On n'en revient pas. De quoi ? Non seulement de la poésie d'Anne Sexton où, comme dans un poème de Louise Labé, on "a chaud extrême en endurant froidure", mais également du fait qu'il a fallu attendre 2022 pour lire en traduction cette œuvre majeure, étalée sur quinze ans: 1960-1975. Oui, il a fallu attendre quarante-sept ans pour que les lecteur.es français.es puissent découvrir, avec Tu vis ou tu meurs, Œuvres poétiques (1960-1969), et aujourd'hui avec Folie, Fureur et ferveur, Œuvres poétiques (1972-1975), la poésie de cette "suicidée de la société". Aucun éditeur français – avant les années 20 du XXIe siècle – n'avait cru bon de se pencher sur cette œuvre essentielle. Aucun. (Seule exception notable: l'admirable Women, Anthologie bilingue de la poésie féminine américaine du XXe siècle, par Olivier Apert).

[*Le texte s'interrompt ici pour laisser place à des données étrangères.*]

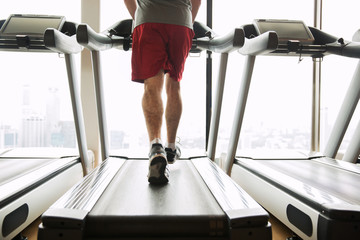 man exercising on treadmill in gym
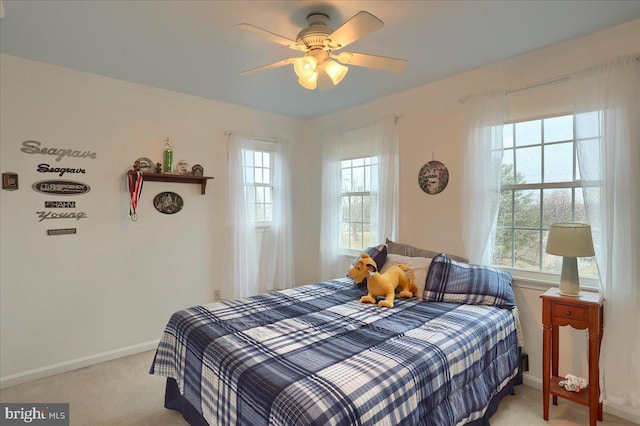 bedroom with baseboards, multiple windows, and light carpet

Il aura fallu l'indéfectible passion et le courage linguistique d'une traductrice et écrivaine, Sabine Huynh, et l'indispensable travail des éditions des femmes-Antoinette Fouque, pour qu'on puisse enfin accéder à un corpus aussi indispensable que celui d'Alejandra Pizarnik ou Clarice Lispector. Pourquoi ce si long désintérêt des éditeurs français? Pas la peine de vous faire un dessin, je pense. Même Wikipedia semble avoir son idée sur la raison de ce silence : "Ses écrits évoquent notamment l'avortement, les menstruations, la masturbation féminine et l'adultère." Notamment? Oui, on en est encore là. Et pour en revenir, on peut enfin lire Anne Sexton dans son extrême contemporanéité:
"Ce soir il y aura de la boue sur le tapis / et du sang dans la sauce. / Celui qui bat sa femme est de sortie, / celui bat les enfants est de sortie / il mange de la terre et boit des balles dans une tasse. / Il va et vient à grands pas / devant la fenêtre de mon bureau / en mâchant des petits morceaux rouges de mon cœur. / Tel un gâteau d'anniversaire, ses yeux lancent des étincelles / et son pain est de pierre." (Celui qui bat sa femme, p.24))
Dans ce nouveau volume intitulé Folie, Fureur et ferveur – avec ses trois F comme trois fois la femme trois fois frappée mais trois fois furibonde – l'art poétique de Sexton semble porter à un degré d'incandescence inouï, mais sans qu'on assiste pour autant à un dérèglement ou une confusion. Si le sang et la folie semblent ici mener la danse autour d'un corps aussi menacé que réfractaire, la parole poétique, bien que sans cesse traversée d'ondes terribles, d'affreux souvenirs, d'immédiates peurs, s'avance sur un fil clair et tendu. Celle qui parle – pardon: qui écrit – manie l'ironie non pour distancer mais pour garder le cap: "Place mes pieds dans les étriers et amène un groupe de touristes": voilà ce qu'on n'avait encore jamais lu, ce qu'aucun homme, vraisemblablement, n'avait lu ni ne voulait lire.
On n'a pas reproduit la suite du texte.